Ian was born near Garstang in 1944 into a family heavily involved in the farming industry. His father ran a joinery business which did much work on farms, one uncle bred pedigree cattle, another, Jim Walker, was a well-known vet in Otley.
"I spent my childhood working on farms and developed a deep feeling for animals," he recalls. "I think that is the main motivation for most young people wanting to become vets. This was well before Alf Wight - the Thirsk vet who used the Herriot pen-name - had published his first book."
After Lancaster Royal Grammar School and veterinary college in Edinburgh, he returned to Lancashire, working with a local practice and marrying wife Ethel.

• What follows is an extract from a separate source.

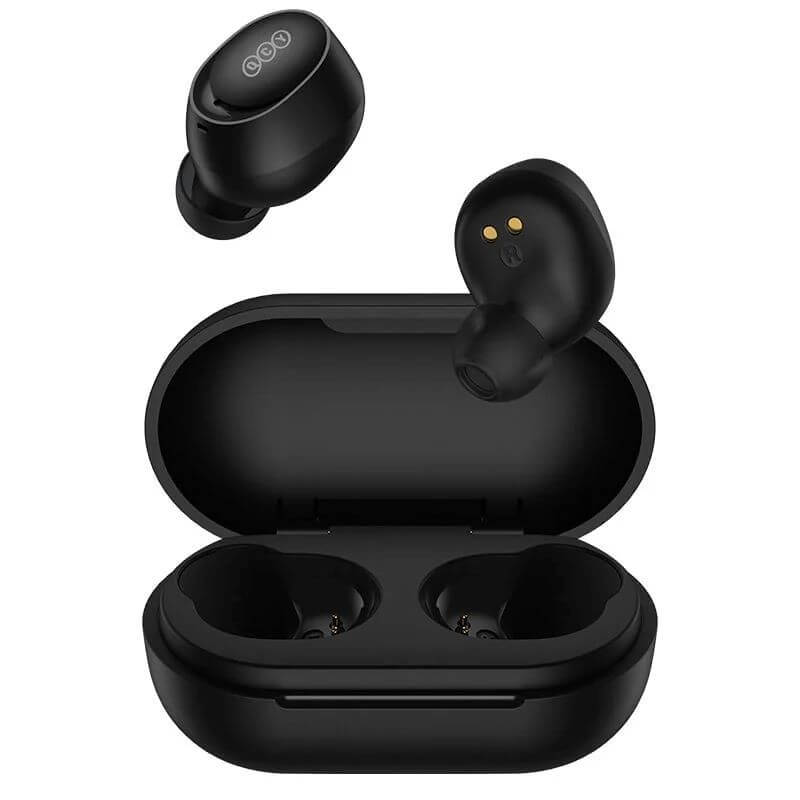 QCY Arcbuds Lite Black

In 1970 he came to Skipton to join the practice run by VJS Leslie ("he always used his initials because he hated Victor, his first name") when it was based in Newmarket Street.
"There were four of us but the practice was 90 per cent concentrated on cattle and sheep," he went on. "I always considered myself as a 'generalist' - a man who could work with farm animals as well as domestic pets - and that was the time when small animal medicine was becoming an ever growing part of the business.
"Skipton was growing, more people were moving into Craven, and more of them were keeping pets.
"After a few years, it was obvious that the Newmarket Street premises were too small so we had the Kingsway centre custom-built. That building, I suppose, is the monument to a life's work by my colleagues and I."
This, also, was the time when Alf Wight had become one of the world's best selling authors. Vets were glamour boys and girls and, at one time, there were many more applicants for places at veterinary colleges than to medical schools. So how did this affect Ian, his wife and their two growing daughters?
"Obviously it was very flattering but it could be embarrassing at times," he laughed. "It is difficult to be treated as a god when you are just an ordinary professional chap going about your daily business.
"But I think the Herriot books did a great service for my profession because it showed the difficult side as well as the glamour.
"Although I only met Alf Wight a couple of times, I admired him greatly. He was rich, famous and could have lived anywhere - but he wrote those books at the end of a hard day's work as a practising Dales vet."
Hard work and veterinary surgery seem to go hand in hand. After he "retired" in 2001, Ian Smith was soon back at work during the foot and mouth crisis and later as an inspector for Defra. He still farms a herd of pedigree Suffolk sheep and is on the committee of the Gargrave Show.
In the meantime, he and his colleagues keep a lot of animals healthy - and a lot of owners happy. I can vouch for that from personal experience.